--- WORK INSTRUCTION ---
The answer must consist of every line below containing "Ford".

[Dataset excerpts]
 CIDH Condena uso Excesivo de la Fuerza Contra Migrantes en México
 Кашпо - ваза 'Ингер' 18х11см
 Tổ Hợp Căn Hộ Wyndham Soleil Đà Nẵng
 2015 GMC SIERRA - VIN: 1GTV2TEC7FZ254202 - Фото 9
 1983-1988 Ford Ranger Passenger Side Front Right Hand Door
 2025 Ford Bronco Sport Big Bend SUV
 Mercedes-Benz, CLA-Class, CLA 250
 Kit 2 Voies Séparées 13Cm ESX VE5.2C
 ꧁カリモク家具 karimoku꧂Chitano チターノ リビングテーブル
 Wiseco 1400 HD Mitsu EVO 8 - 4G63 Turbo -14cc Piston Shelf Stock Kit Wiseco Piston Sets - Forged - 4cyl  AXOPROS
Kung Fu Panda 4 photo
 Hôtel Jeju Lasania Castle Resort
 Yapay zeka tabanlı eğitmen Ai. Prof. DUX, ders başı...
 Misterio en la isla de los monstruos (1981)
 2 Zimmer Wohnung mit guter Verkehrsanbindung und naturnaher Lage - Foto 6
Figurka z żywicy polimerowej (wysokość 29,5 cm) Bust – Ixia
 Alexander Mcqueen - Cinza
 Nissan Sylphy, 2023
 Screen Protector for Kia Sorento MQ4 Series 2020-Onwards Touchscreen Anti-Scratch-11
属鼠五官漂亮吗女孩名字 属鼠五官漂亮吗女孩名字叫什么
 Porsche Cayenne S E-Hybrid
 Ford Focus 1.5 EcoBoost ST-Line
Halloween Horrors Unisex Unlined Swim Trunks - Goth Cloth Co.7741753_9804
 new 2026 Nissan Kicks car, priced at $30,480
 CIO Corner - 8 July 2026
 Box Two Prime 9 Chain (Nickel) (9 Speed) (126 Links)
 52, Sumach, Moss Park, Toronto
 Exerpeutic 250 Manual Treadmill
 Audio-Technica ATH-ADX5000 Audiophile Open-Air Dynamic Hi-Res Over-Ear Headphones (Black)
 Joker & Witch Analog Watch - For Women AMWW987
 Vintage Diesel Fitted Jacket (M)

--- SOLVED EXERCISE ---
 1983-1988 Ford Ranger Passenger Side Front Right Hand Door
 2025 Ford Bronco Sport Big Bend SUV
 Ford Focus 1.5 EcoBoost ST-Line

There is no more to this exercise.